- WHAT IS REQUIRED:
Word for word, copy the records and drop the pictures.
◆ ◆ ◆
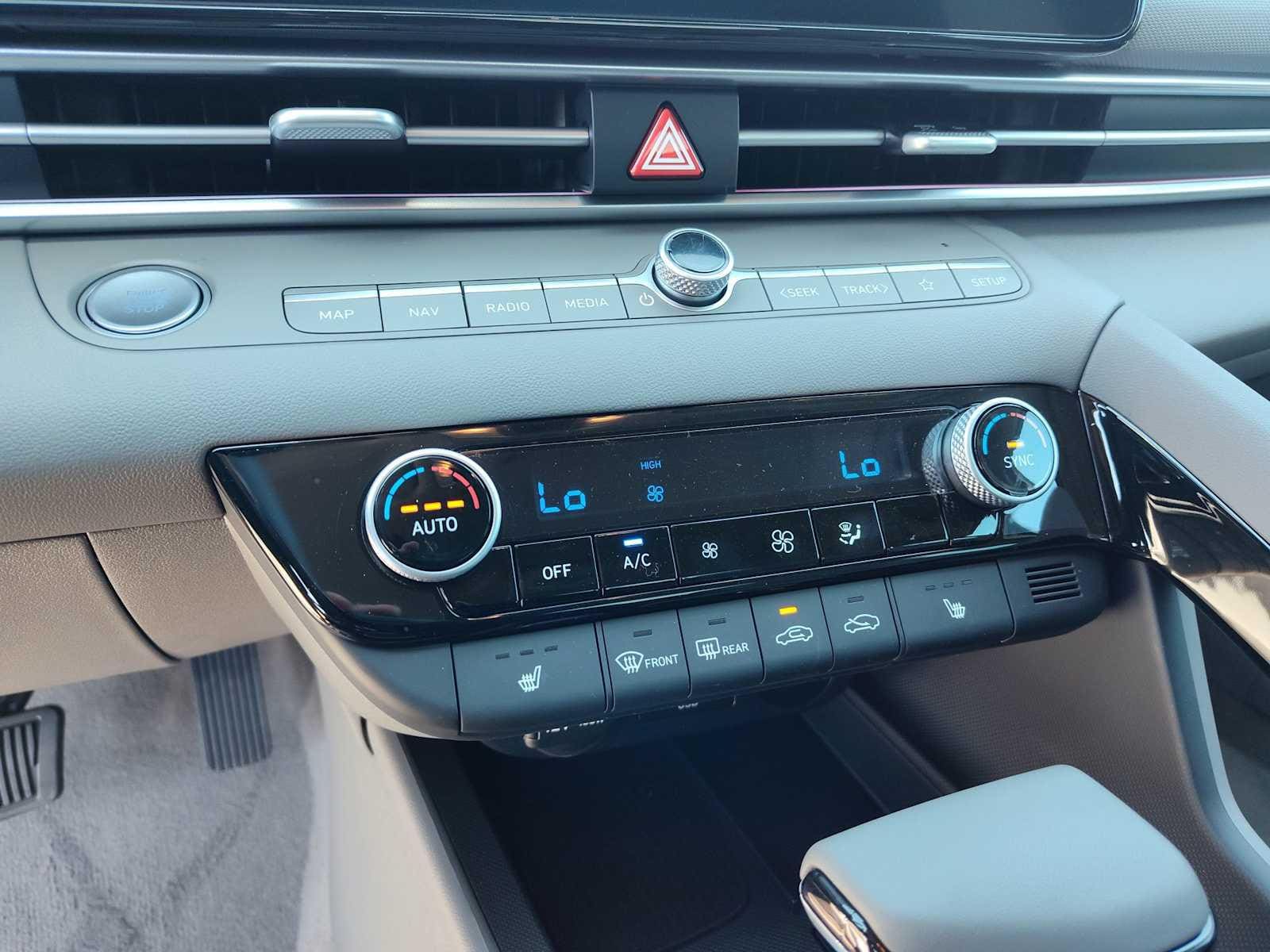 Thumbnail: 2025 Hyundai Elantra - 21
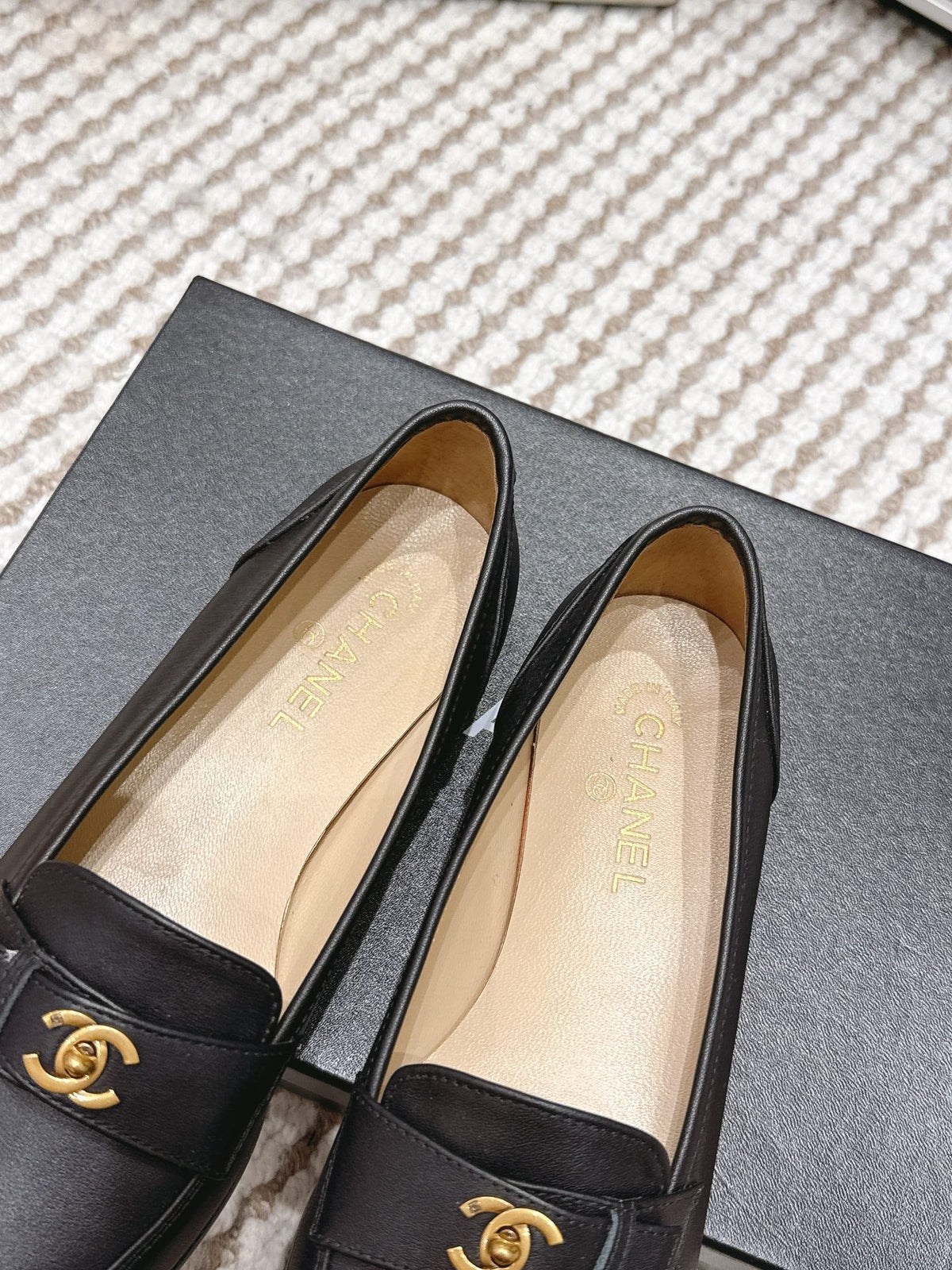 CC Double C Loafers Black Leather 721522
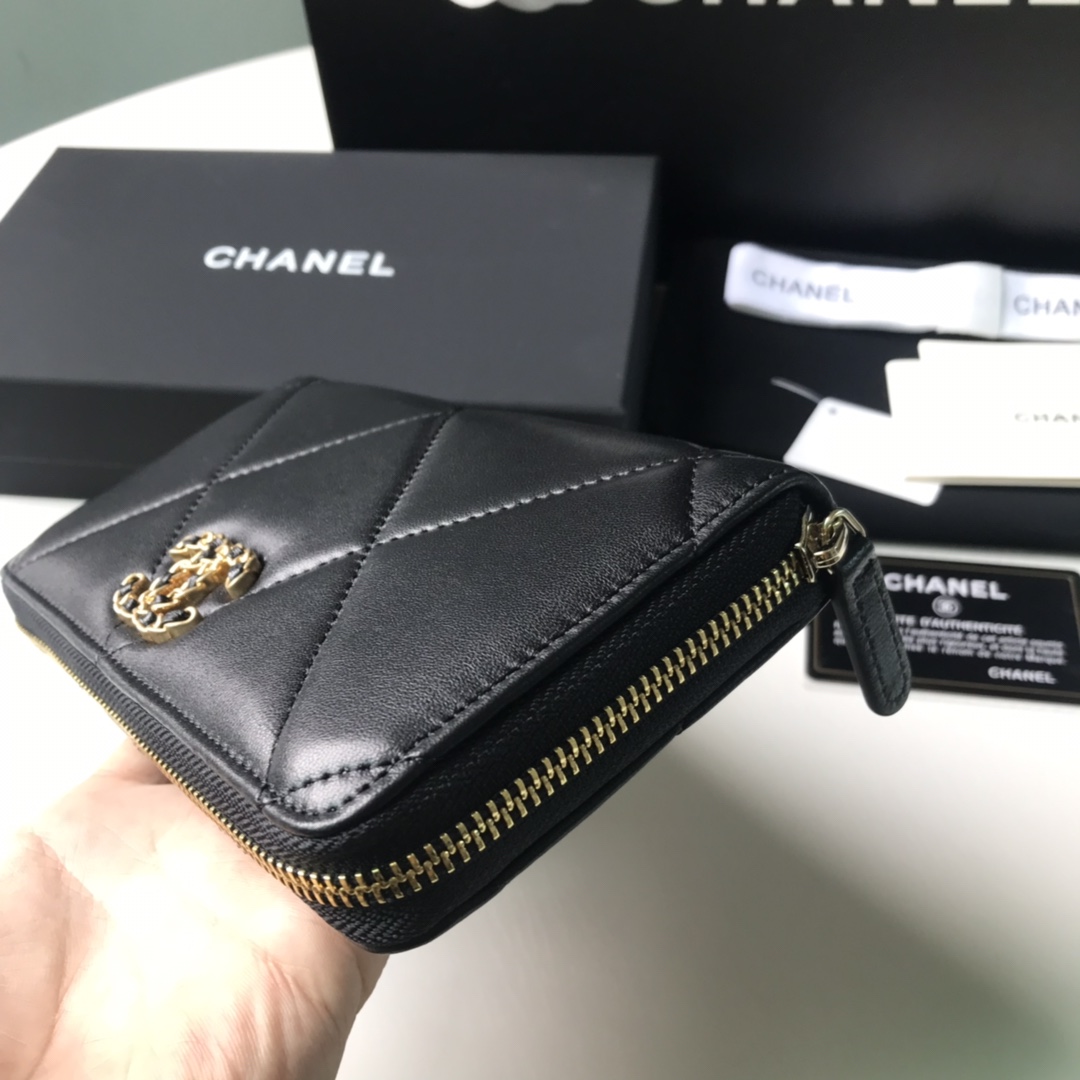 Chanel 克羊金大格子单拉钱包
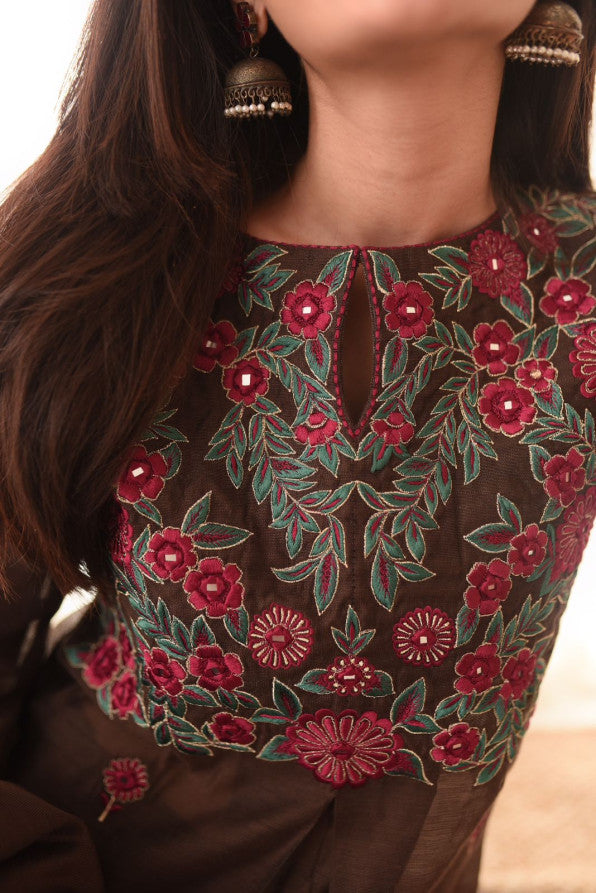 FLOWER GIRL' 07 ( BROWN ATTIRE )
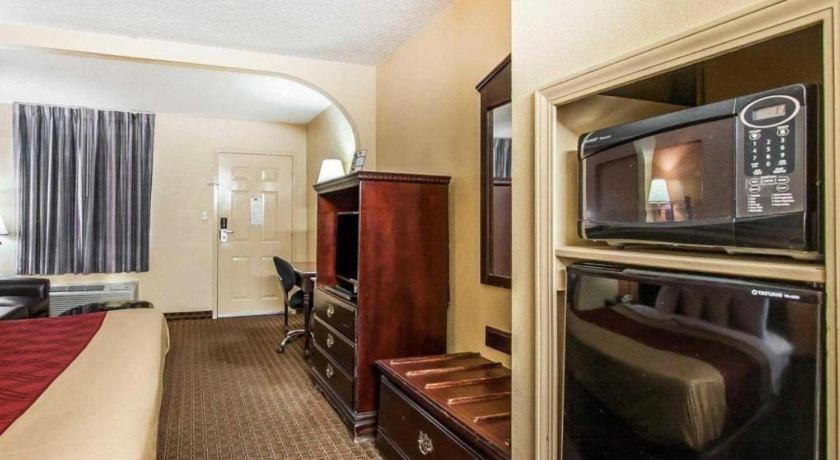Econo Lodge Inn & Suites I-20, Exit 73 Tuscaloosa Exteriör bild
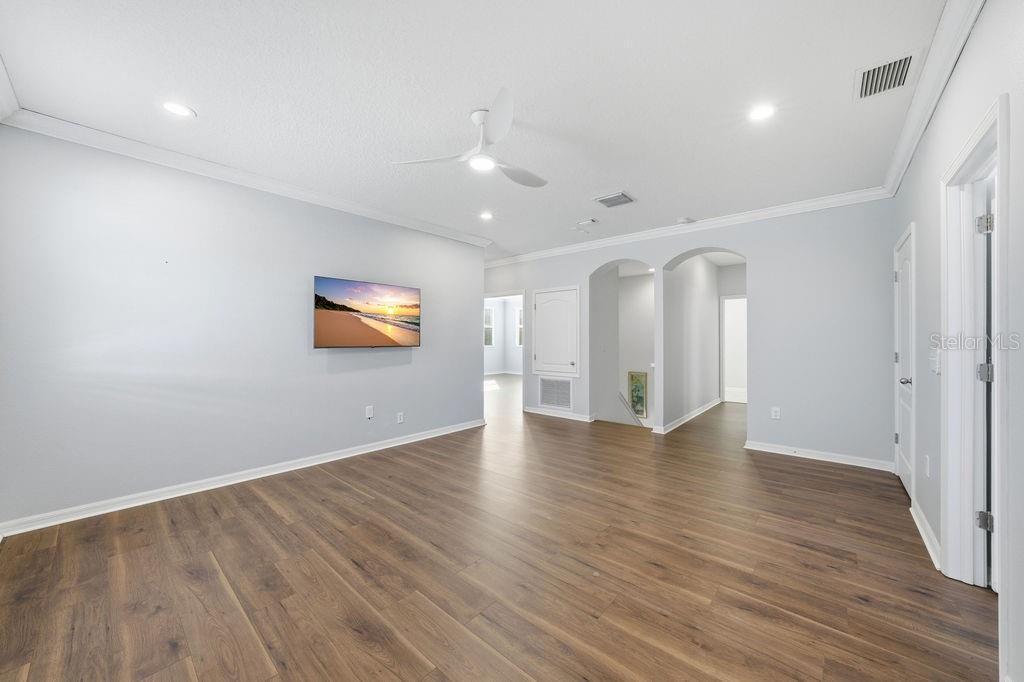 ENCLAVE AT LAKE SEMINOLE - Residential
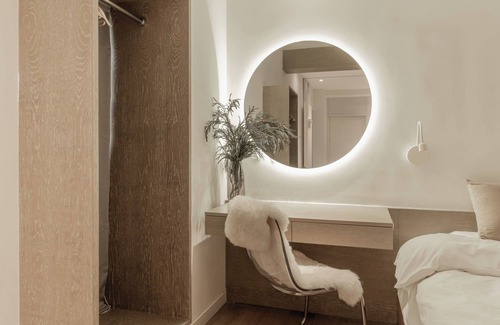 Jing'an Casa | Shanghai Hills & Gefii Fifty Shades of Grey close to Jing'an Temple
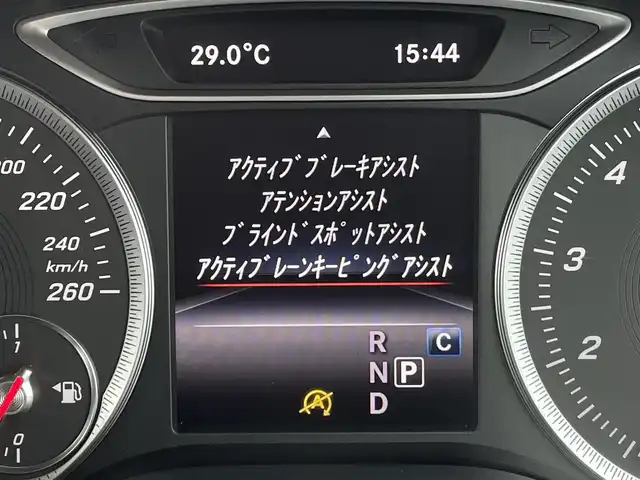 メルセデス・ベンツ Ｂ１８０ 三重県 2018(平30)年 2.5万km カルサイトホワイト レーダーセーフティーＰＫＧ/ＡＣＣ/ブラインドスポット/純正ナビ/ＴＶ/Ｂカメラ/ハーフレザー/シートヒーター/ＥＴＣ/プッシュスタート/ＬＥＤヘッドライト/純正１７インチＡＷ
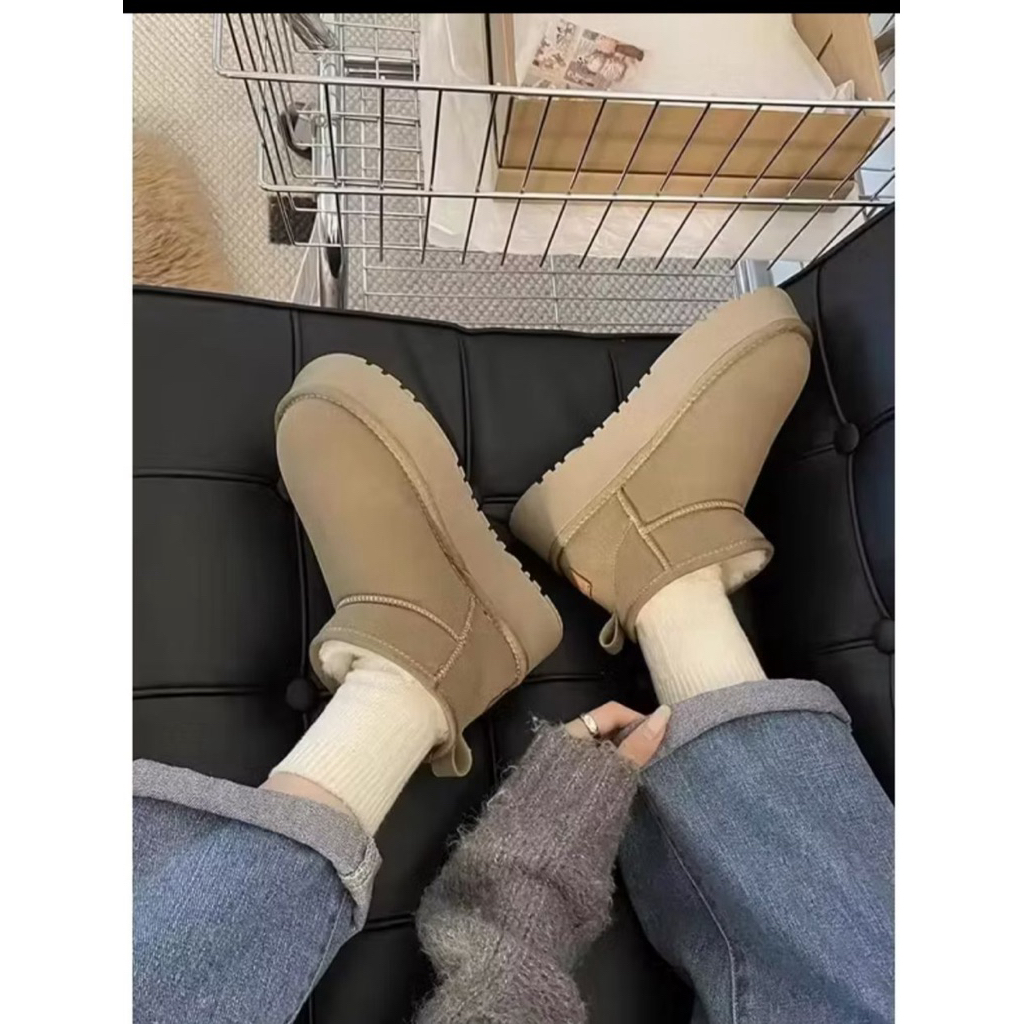 เอ็กซ์คิว8123 รองเท้าบูท UGG นําเข้าฤดูหนาวรองเท้าหนังนิ่มขน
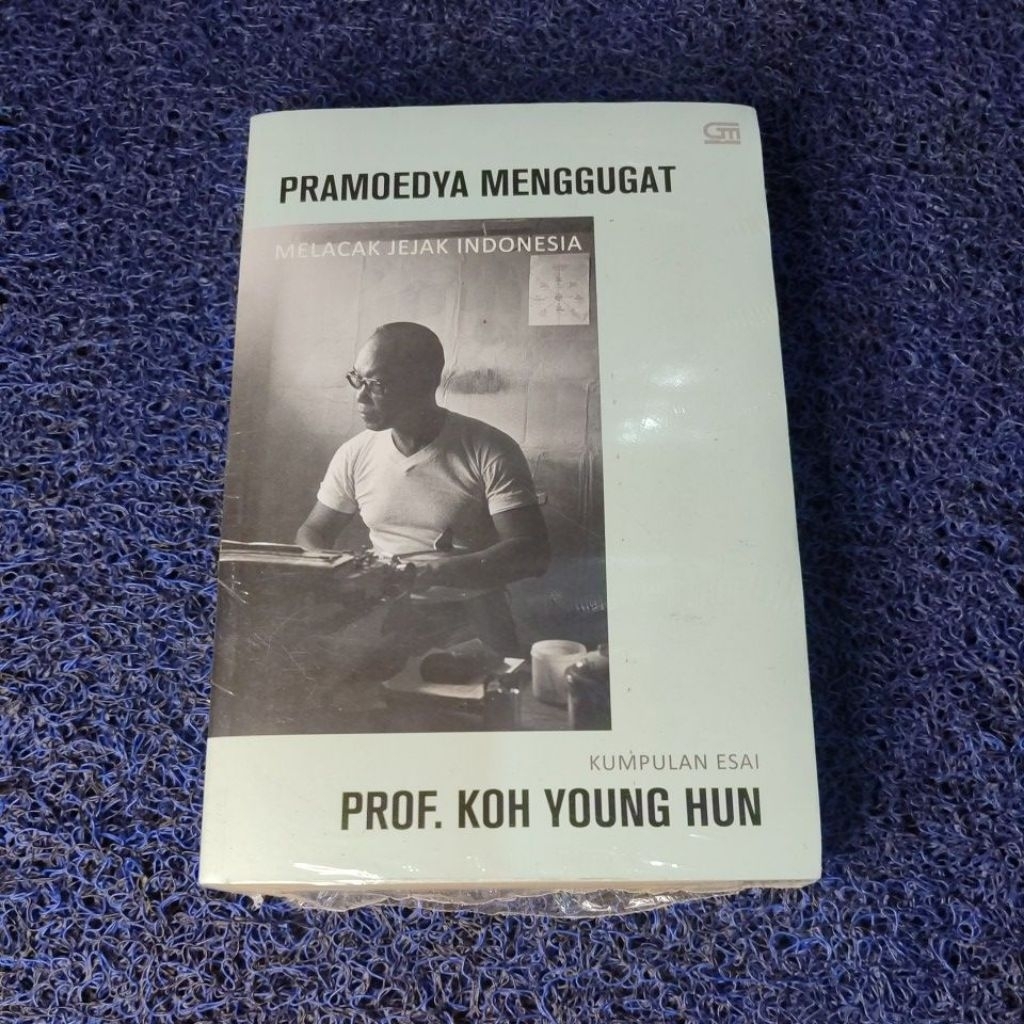 Pramoedya menggugat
◆ ◆ ◆
- TASK SOLUTION:
 Thumbnail: 2025 Hyundai Elantra - 21
 CC Double C Loafers Black Leather 721522
 Chanel 克羊金大格子单拉钱包
 FLOWER GIRL' 07 ( BROWN ATTIRE )
Econo Lodge Inn & Suites I-20, Exit 73 Tuscaloosa Exteriör bild
 ENCLAVE AT LAKE SEMINOLE - Residential
 Jing'an Casa | Shanghai Hills & Gefii Fifty Shades of Grey close to Jing'an Temple
 メルセデス・ベンツ Ｂ１８０ 三重県 2018(平30)年 2.5万km カルサイトホワイト レーダーセーフティーＰＫＧ/ＡＣＣ/ブラインドスポット/純正ナビ/ＴＶ/Ｂカメラ/ハーフレザー/シートヒーター/ＥＴＣ/プッシュスタート/ＬＥＤヘッドライト/純正１７インチＡＷ
 เอ็กซ์คิว8123 รองเท้าบูท UGG นําเข้าฤดูหนาวรองเท้าหนังนิ่มขน
 Pramoedya menggugat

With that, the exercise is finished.